Sonó la pistola del 1.500. Arturo Casado, el valiente de Santa Eugenia, fiel a su credo se puso el primero, se lanzó a abrir paso. Aguantó una vuelta. A los 200 metros, impetuoso, impaciente, se acercó a su espalda Heshko, lo apartó de en medio y se echó a correr. Pobre Estévez, otra ración de Cragg (el irlandés que le torturó en el 3.000), esta vez vestido de amarillo y azul, otro infierno en la pista, pobre Casado...
¿Higuero? No, Higuero disfrutaba. Los pasillos del Palacio ayer enviaban otro tam-tam del 1.500. No, decía la nueva onda, Higuero está muy bien. No, Higuero tiene bien ajustada la cabeza, tiene bien ajustadas las piernas.
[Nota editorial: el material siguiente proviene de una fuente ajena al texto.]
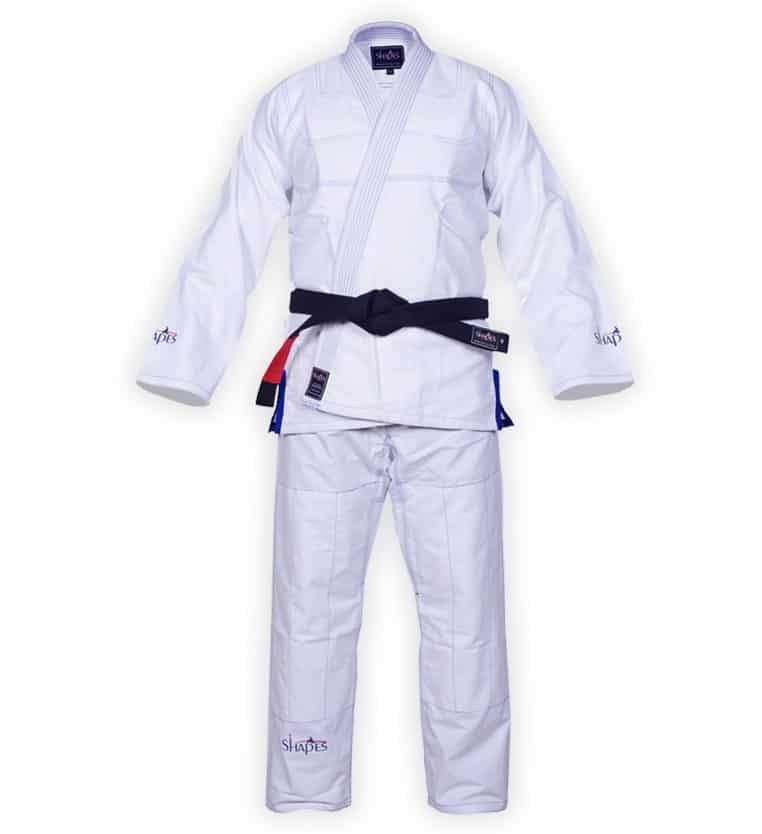 White BJJ GI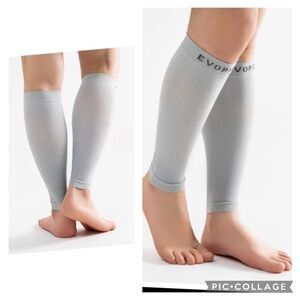 NEW 20-30mmHg Calf Compression Wide Brace Leg Support Shin Splint Pain Relief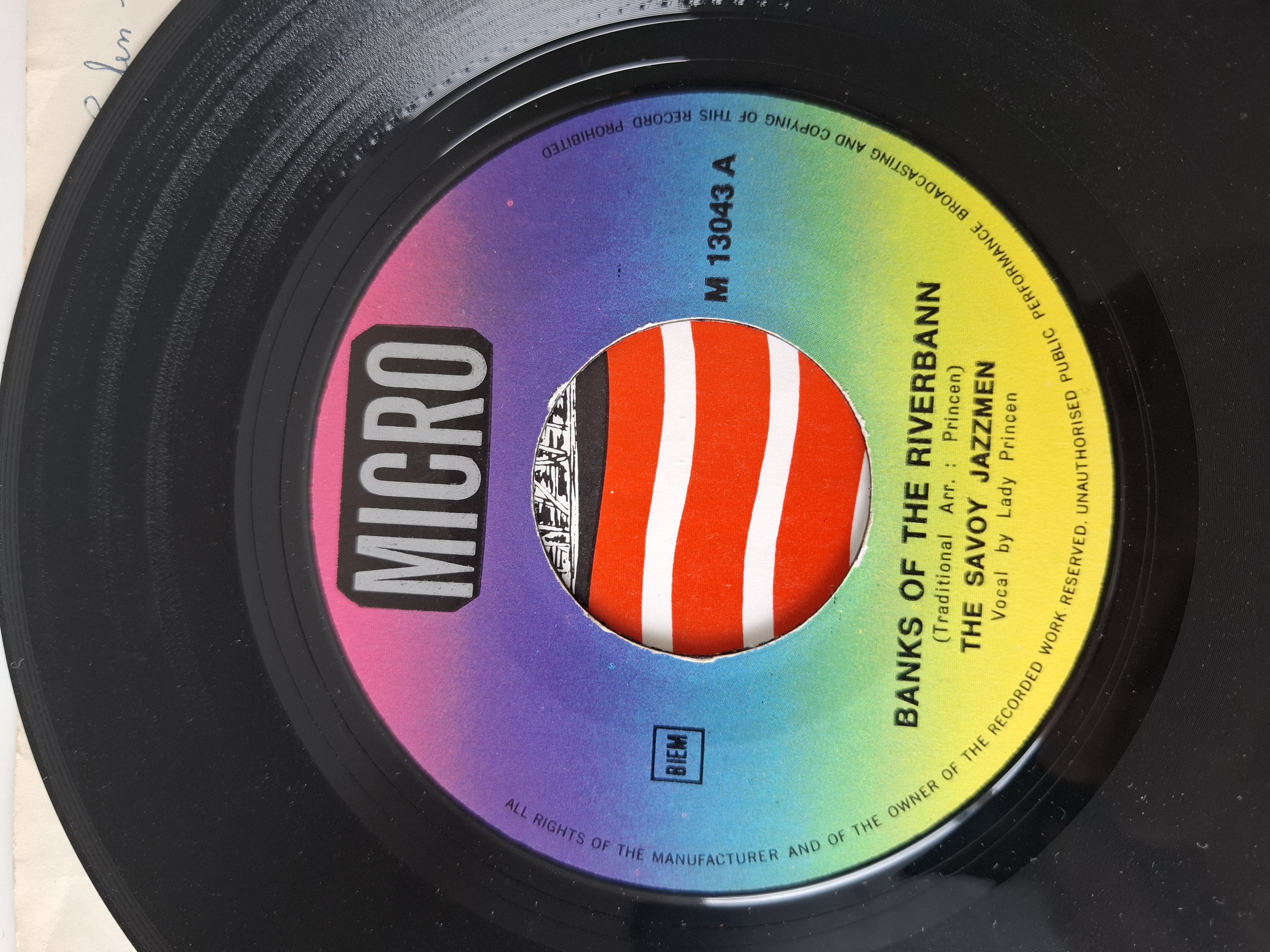 The Savoy Jazzman - Banks of the riverbann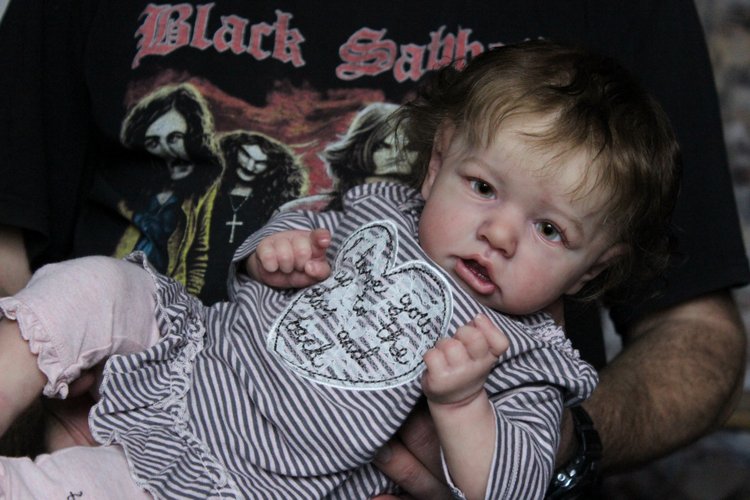 Сашулька номер два. Кукла реборн Светланы Преображенской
Higuero sabe lo que tiene que hacer y lo hará.
Detrás de Heshko y su tren de apisonadora, a varios metros, Casado mantuvo el tipo, exhibió el valor de juventud, la actitud de quien quiere ganarlo todo aunque ello le suponga perderlo todo. Higuero, detrás de él, aprovechando su ritmo, su zancada, calculaba lo que tenía que hacer para ganar la plata. Heshko no era su problema. Y más atrás aún, sufriendo codazos, parones, los efectos de su mala colocación, Estévez pensaba en bronce. Las piernas no le podían dar para más, pero era una cuestión de orgullo. Se había embarcado en una locura. Había decidido intentar ganar el 1.500 y el 3.000, hazaña insólita, y no iba a abandonar al final. Una medalla más, aunque fuera otro bronce, lo justificaría todo.
El 800 se pasó en 1.56,57m. El 1.000 en 2.25,12m. Se corría deprisa, y sin liebre. Sólo Casado intentaba aguantar. Hasta el 1.200. Higuero sabía lo que tenía que hacer para ganar la plata y lo hizo. Sacó su chispa, su cambio ligero y veloz y pasó por delante del madrileño a por su recompensa. Lejos, muy lejos, Heshko. Cerca, muy cerca, Estévez. Por detrás de Casado, Estévez también se fue a buscar lo suyo. Y Casado, que dijo que había salido a ganar, que no teme a Heshko ni a nadie en ninguna pista, y Casado, con su flequillo sólido, su pecho hacia delante, abriendo paso, supo que Estévez iba a por él. Supo que debería morir, sin metáforas, agonizar sobre la pista, para resistir a Estévez, el del terrible final, el de la imponente presencia. Casado murió.
Casado tenía a Reyes cerca, cerca, y a la línea de meta, ahí, al alcance de la mano, un paso más. Heshko, sin abrir la boca, sin sudar apenas, inmutable, mecánico, un tractor a toda potencia, había terminado sus siete vueltas y media en 3.36,70m (récord de los campeonatos). Higuero, alado, volátil, había terminado también. Había cazado su plata. A cinco metros de la llegada, Estévez, por fuera, se puso a la altura de Casado. También él iba a morir. No iba a perder. A tres metros, Casado aún pensó que podía aguantar. A dos metros, -pero qué largos son estos metros-, Casado ya no pudo más. Más que sacar pecho, lo que hizo Estévez, más que adelantar el pectoral, para lo que no tenía fuerzas, Casado se tiró en plancha. Tardó cuatro centésimas más que Estévez. Cuatro centésimas, nada en la vida, todo en atletismo, la diferencia entre la vida y la muerte.
Estévez, feliz, dio una vuelta de honor a la pista. Regaló su camiseta. Casado, al mismo tiempo, se apoyaba estupefacto, mareado, triste sobre una valla. Intentaba llorar.